I had decided to take the boat into Venice, since it would be a lot less walking than by bus from Piazzale Rome and how many towns in the world offer airport transfer by boat in the first place? So while 15 Euro was a bit steep in my opinion, it was worth it nonetheless, disembarking at Rialto Bridge where my hotel was nearby. Though it took me three trecks up and down the street to find the tiny thoroughfare leading into Campiello Remer - would it hurt them to put a sign up there? My Bed and Breakfast was part of the Palazzo Al Lion Morosini (probably the servants' quarters), which has its own little campiello and embarkation point right on Canal Grande with a look towards Rialto - absolutely wonderful and just what I had dreamed of when I went looking for a hotel in Venice proper (having stayed in Mestre on both my previous trips).

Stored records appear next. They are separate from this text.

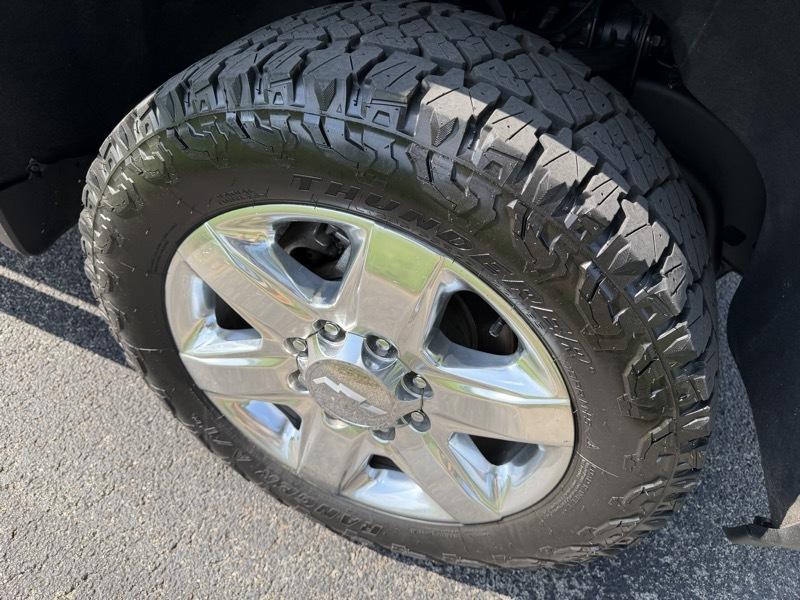 Chevrolet Silverado 2500HD Work Truck Double Cab Short Box 4WD 2024
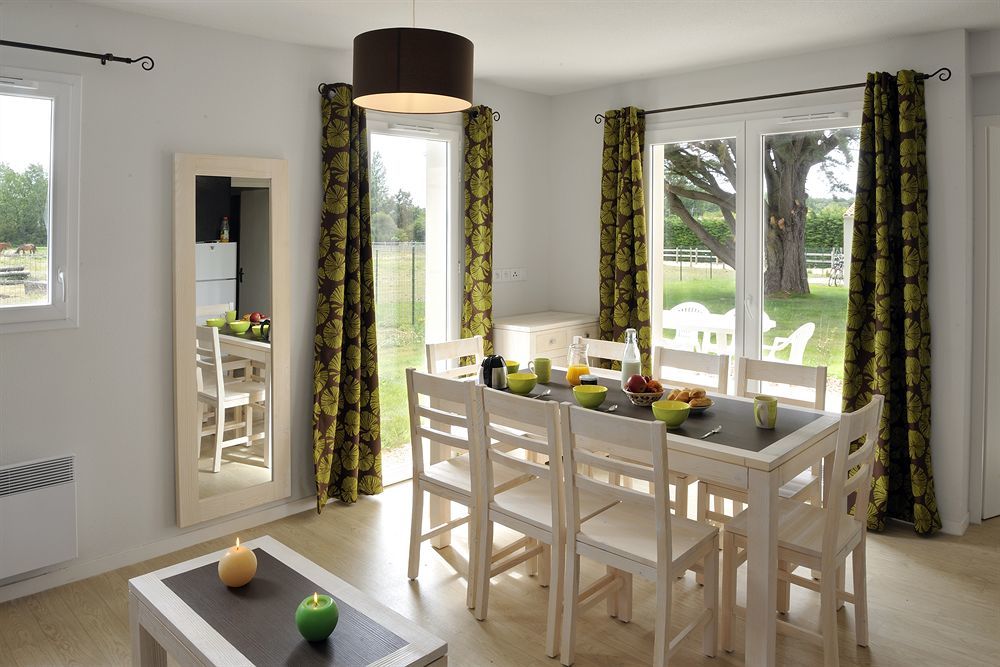 Residence Nemea Les Grands Rochers Les Sables-d'Olonne Exterior photo
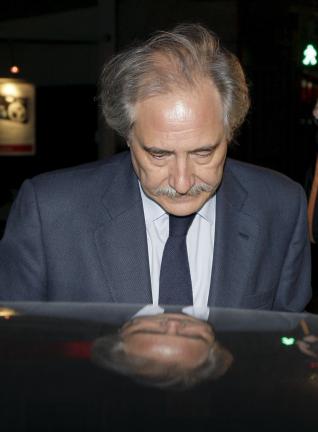 [2009-04-06_IMG_2009-03-30_00:24:20_caja.jpg]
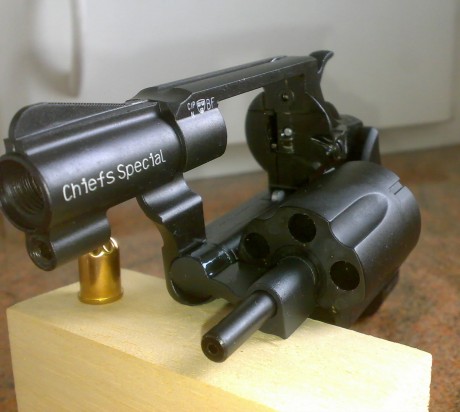 Los reyes han pasado por casa con un poco de retraso y me han dejado un clásico, el S&W Chiefs Special 01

So here's the hotel and its private jetty at the Canal Grande and the view from the jetty:


Having dumped my stuff in the hotel and changed into lighter clothes, I went for a first wander through somewhat familiar streets to Piazza San Marco and along the Riva dei Schiavoni to the Arsenale, where Venice crafted its huge navy for centuries and which is still owned by the Italian Navy and thus closed to the public.


Above one of the most famous squares in the world, the Piazza San Marco and the view towards the sea. The two columns weren't just meant to be the grand entrance to Venice by sea - those who really pissed off the Serenissima were decapitated and strung between them as a dire warning to others.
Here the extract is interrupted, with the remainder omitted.